Back to the entrance from which “The Crystal” named after philanthropist Michael Lee-Chin houses the dino exhibit, one of the largest in the world, boasting a large number of fossils and standing, flying, roaring, animated dinosaurs to satisfy the imaginations of all family members. There is an amusing digital aspect (naturally) for an interaction with one of them, take a photo and send it to the ROM for their collection.
Returning to the main building with its fine wood and architecture, we are awash in ancient history, truly fabulous collections of artifacts of all the ancient world from China, across Asia and Africa; Europe and Canada. All our ancestors are considered in the flow of the galleries throughout this magnificent building. It takes time and a bit of perseverance to appreciate it all fully.
For us, the Egyptian gallery calls. Several mummies, complete, sleep now in glass cases, their trappings still by their sides. The tools and luxuries of the ancient tribes of Egypt give a reasonably clear idea of their lives: the very small number of fabulously wealthy people – kings and otherwise – stood on the shoulders of workers and slaves who spent their lives employed in the building of temples, palaces and tombs and supporting the wealthy. There was a small number of merchants and travellers in the middle bringing goods and news from other parts of the world.
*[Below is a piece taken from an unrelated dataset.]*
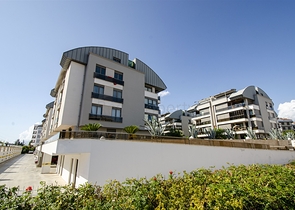 شقة راقية 5 + 1 مع مدخل للحديقة في اونجالي كونيالتي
A tight circle that has spun its way across all the cultures and all the ages of this earth. Basically, without variation to this day.
We could eat at the ROM and shop: there are cafes and shops, but we have a date in Chinatown and head for there, feet tired, hungry but highly satisfied with our trip to the ROM, ready to recommend it to all.
Chinatown and Kensington Market is often referred to by foreign visitors as the soul of Toronto. The old market of Kensington has been a destination for generations and some shops go back 50 years and more. What a joy it is: a real market place where food and goods can be bought for reasonable prices – produce, meat, cheese. Clothing of many styles; vintage, art, Islands – it is simply great.
For an inexpensive lunch, we go to King’s Noodle on Spadina Avenue, where the noodle soup is almost always more than you can eat and the place is full of people of Asian descent, a reassurance that the food is high quality and authentic in its flavour.
For baskets and plates of dim sum, go across the street at St. Andrews and Spadina to the all day dim sum restaurant, also very reasonable and the “real thing.”
Take your time to browse the marvels of the shops around Kensington Market, enjoy the food – there is more than Chinese restaurants, if you prefer: Portuguese, vegan, creperies, hamburger, have a wander – look around.
By now, you have been in town for hours. You have missed the crowds of the tourist places, for the ROM is much more than that; you have eaten well and, perhaps, bought yourself something you like which is not available in a box store.
You didn’t even have to book a flight for the adventure.